═══ Data in this exercise

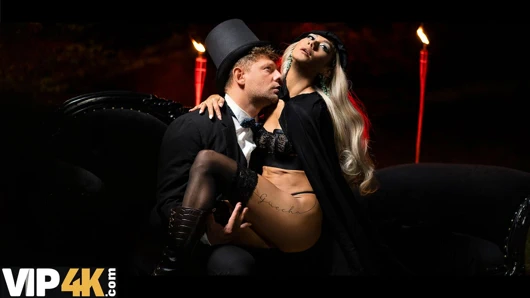 BUFU XXX. Sarışın seksi cadı çok derinden sikiliyor ve uçup gidiyor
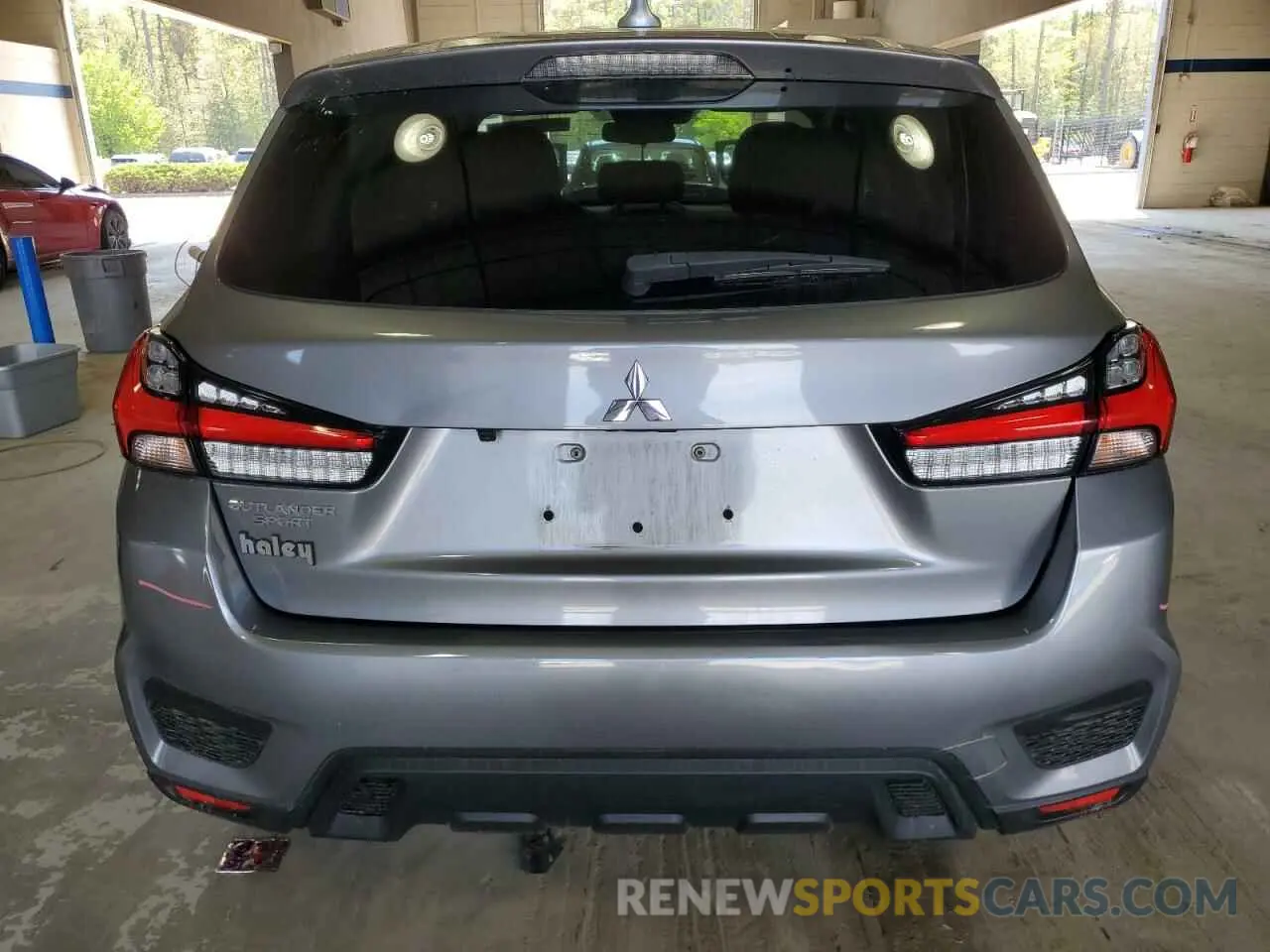 6 fotografías del automóvil dañado JA4APUAU9MU035220 MITSUBISHI OUTLANDER 2021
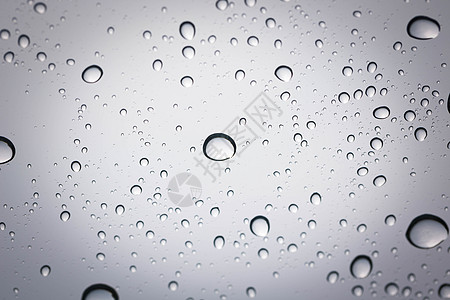 玻璃镜背景上的水滴屏幕飞沫灰色玻璃窗户驾驶下雨反射交通白色图片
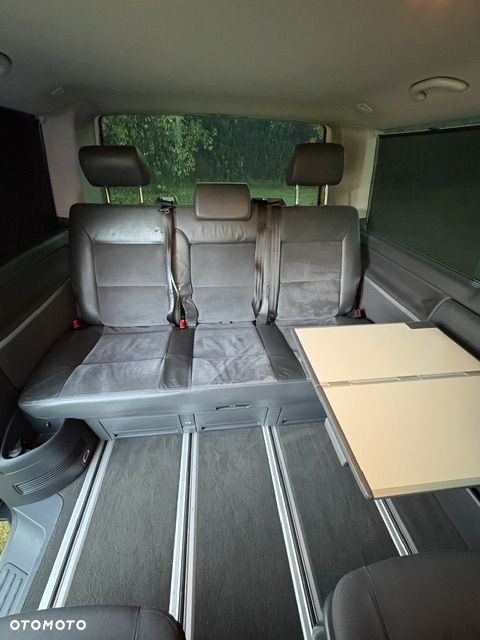 Volkswagen Multivan - 18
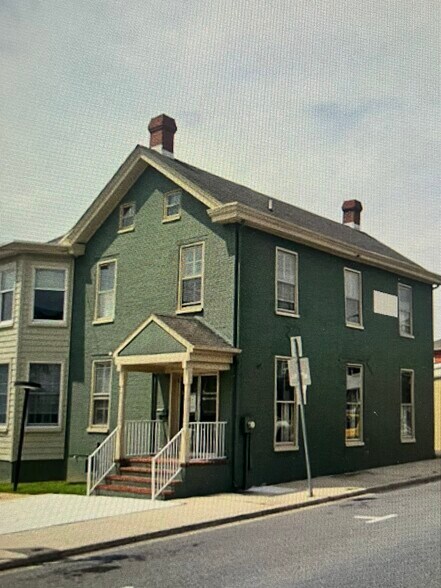 More Photos Of 12 S Queen St, Rising Sun Loft Creative Space For Lease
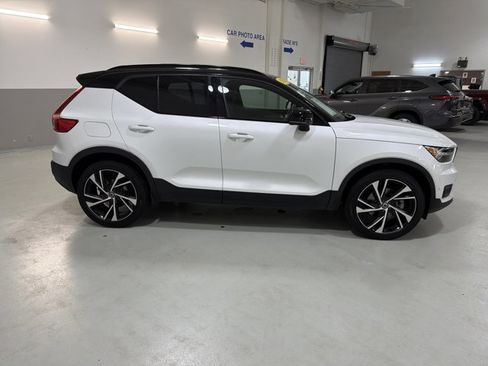 Used 2020 Volvo XC40 T5 R-Design AWD/4WD image 10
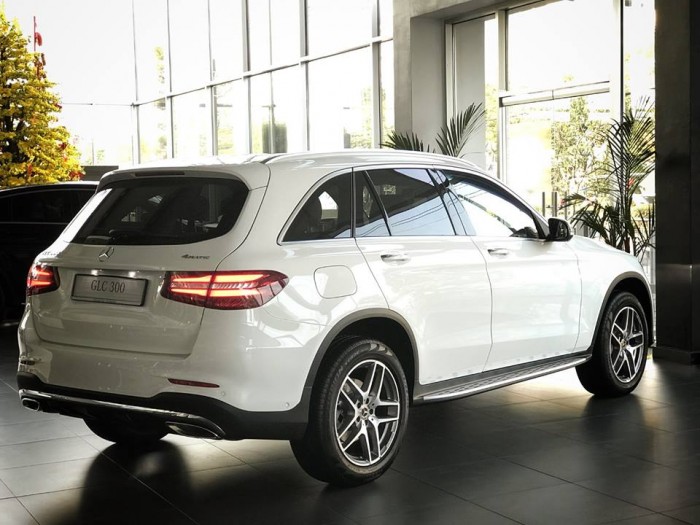 Bán Mercedes-Benz GLC300 , xe giao ngay đủ màu .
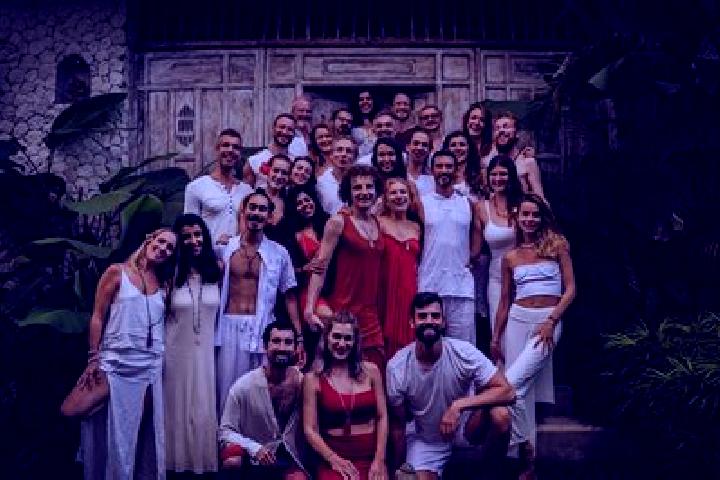 Olivia, 31, a red grey-eyed mediterranean companion based in Frackville. Offering Duos, Tantra, Couples, Deep French Kissing, Dinner Date. Available for inca...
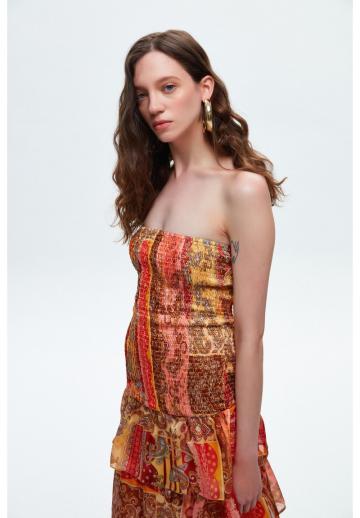 Платье без бретелек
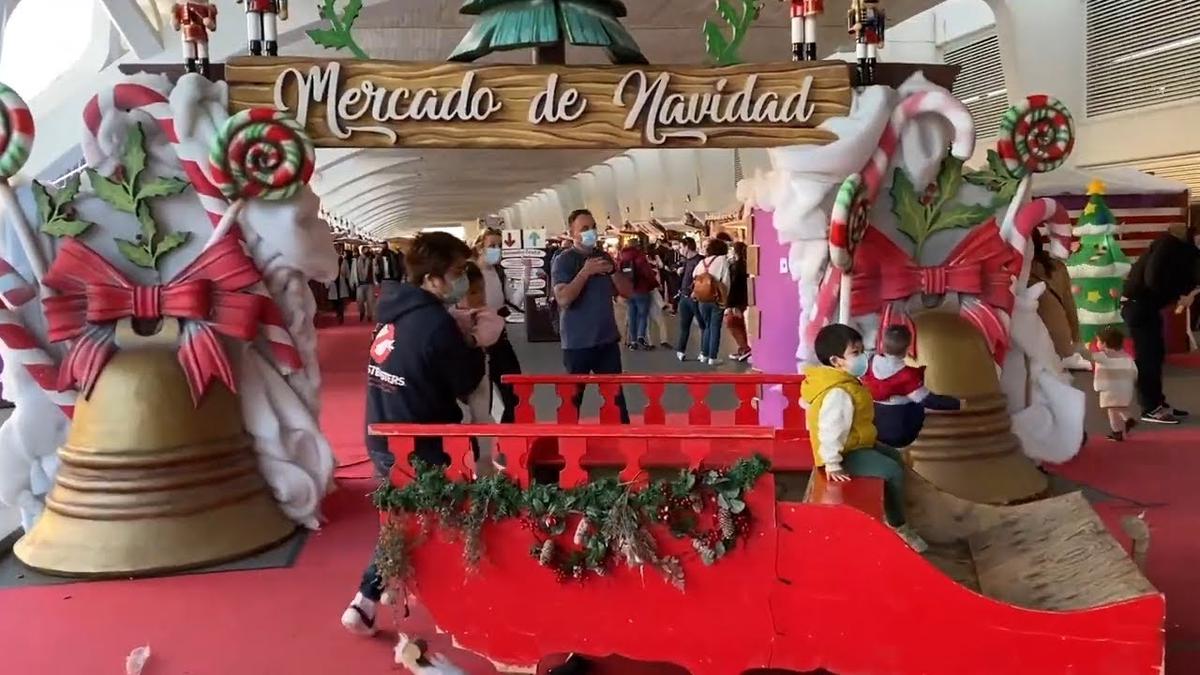 'Video thumbnail for Christmas Village In Valencia Spain - City of Arts and Sciences'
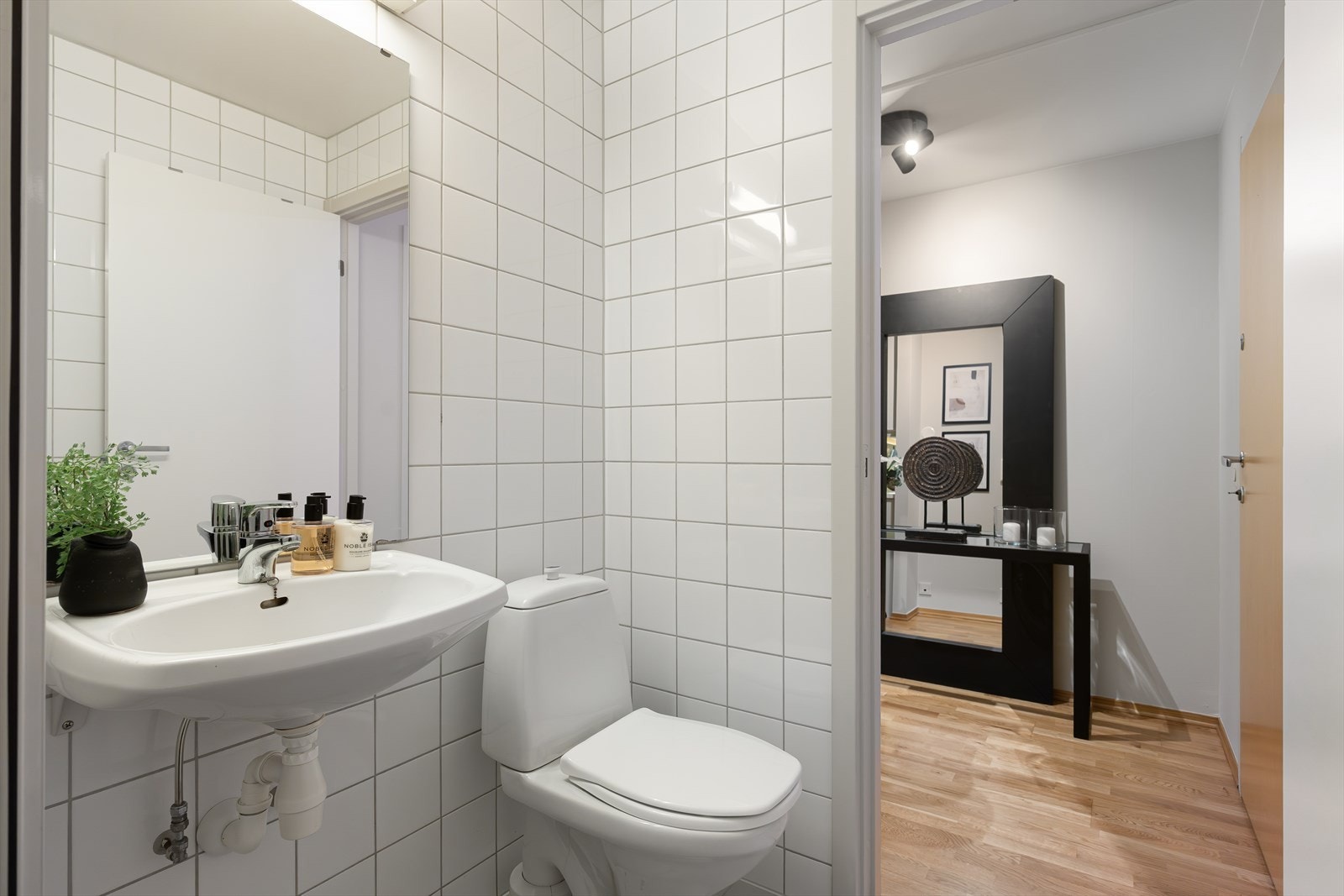 Badet er utstyrt med mekanisk avtrekk, opplegg for vaskemaskin, dusjhjørne, wc og servant med ettgreps blandebatteri fra Oras. Galleribilde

══════

◆ Work item:
Please transcribe the lines from the one containing "Volkswagen Multivan - 18" to the last line of the listing, both included, exactly and with nothing added, leaving every picture out.

◆ Finished exercise:
 Volkswagen Multivan - 18
 More Photos Of 12 S Queen St, Rising Sun Loft Creative Space For Lease
 Used 2020 Volvo XC40 T5 R-Design AWD/4WD image 10
 Bán Mercedes-Benz GLC300 , xe giao ngay đủ màu .
 Olivia, 31, a red grey-eyed mediterranean companion based in Frackville. Offering Duos, Tantra, Couples, Deep French Kissing, Dinner Date. Available for inca...
 Платье без бретелек
 'Video thumbnail for Christmas Village In Valencia Spain - City of Arts and Sciences'
 Badet er utstyrt med mekanisk avtrekk, opplegg for vaskemaskin, dusjhjørne, wc og servant med ettgreps blandebatteri fra Oras. Galleribilde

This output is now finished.